Does this appear correct?

Last edited: Mar 14, 2014
6. Mar 14, 2014

### BvU

Ah, new info: you want the magnitude of $v_m$ under conditions
• S,e,m line up (in that order)
• Se plane coincides with em plane.

7. Mar 14, 2014

### Bashyboy

So, would the first formula I proposed work?

8. Mar 14, 2014

### BvU

gives you a starting speed at your t=0, yes.

Seems very weird to me. Would vme be $2\pi$? and ves be only a little more than that? And the minus sign is for $\cos\pi$?

I remember a previous post on this subject that isn't quite comparable, but contains some equations that might come in handy...

9. Mar 14, 2014

### Bashyboy

Yes, the reason why I have speeds like 2pi is because I am using astronomical units, in which the gravitational cosntant G = 4 pi^2.

10. Mar 14, 2014

### BvU

Not familiar with a.u., but it seems to me moon wrt earth (1 km/s) is a lot slower than earth wrt sun (30 km/s)...
Ah, I see: 1 au = r sun-earth. So you have 2 pi au /year for the sun. And here's me thinking 2 pi m/s ...

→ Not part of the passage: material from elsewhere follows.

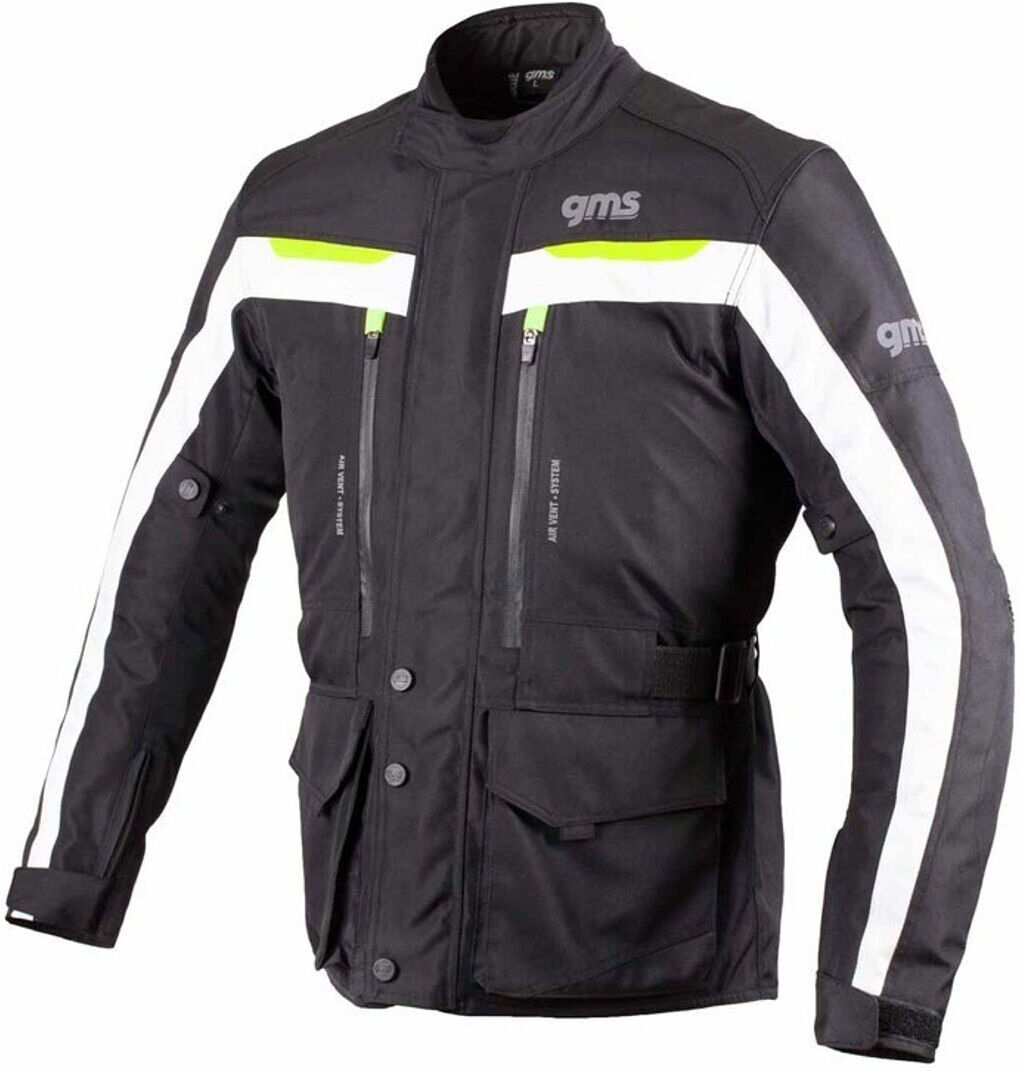 GMS Gear Veste textile de moto Noir Blanc Jaune 3XL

Still: moon in au/yr is 6.499221914 seems dead wrong in two respects: there's a 10% differnece between peri- and apogee, so 10 digits is nonsense. And the value is a factor 30 off... your turn for Unless you prove me wrong and then it's double - nothing

If your program does circular orbits only, isn't that somewhat contradictory with "solving the equations of motion" ?

11. Mar 15, 2014

### Bashyboy

I do not understand, how is having a circular orbit contradictory with solving the equation of motion? Isn't traveling on a circular orbit a type motion, and can't this particular type of motion be described with equations? If so, then we would have equations of motion.

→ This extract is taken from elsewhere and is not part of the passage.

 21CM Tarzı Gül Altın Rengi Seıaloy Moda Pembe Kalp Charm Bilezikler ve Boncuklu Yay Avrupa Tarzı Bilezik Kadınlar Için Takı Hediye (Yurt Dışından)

Also, here is how I calculated the velocity of the moon relative to the sun:

Because the planets undergo circular motion, the rate at which they rotate through angles is constant, that is, the angular velocity is constant. \

Radius between earth and sun: $r_{es} = 1~AU$

Angular velocity of earth about the sun: $\omega_{es} = \frac{2 \pi ~rad}{1~yr}$

Radius between moon and earth: $r_{me} = 2.57 \times 10^{-6} ~AU$\

Angular velocity of the moon about the earth: $\omega_{me} = \frac{2 \pi~rad}{27 ~days} \times \frac{365 ~days}{1~yr} = 84.93935693 ~\frac{rad}{yr}$.

Therefore,

$v_{ms} = (1~AU)(\frac{2 \pi ~rad}{1~yr}) + (2.57 \times 10^{-6} ~AU)( 84.93935693 ~\frac{rad}{yr}) = 6.283403601$

12. Mar 15, 2014

### BvU

I haven't understood the 6.499221914.

From radius earth orbit 1.5e11 m and 365.25 days I get 29.78 km/s
From radius moon orbit 3.85e8 m and 27.32 days I get 1.025 km/s.

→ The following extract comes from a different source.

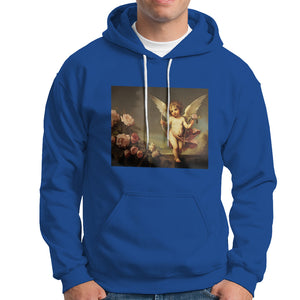 Valentine's Day Hoodie Cupid Cherubs Art Valentine Angel Rose Garden Aesthetic TS09 Royal Blue Printyourwear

If the first in your au units is $2\pi$, the second should be around 0.2 and the sum some 6.5

Where did you find $r_{me} = 2.57 \times 10^{-6} ~AU$ ?

13. Mar 15, 2014

### BvU

Perhaps we differ in our interpretation of "to solve for equations of motion". To me it means solving $\vec F=m\,\vec a$ with a given $\vec r$ and $\vec v$ at t=0.

That the outcome is close to a circular orbit for earth around sun, I can well believe. And -- when moving with the earth -- the moon's orbit will be close to a circle as well. But that is the outcome, not the input.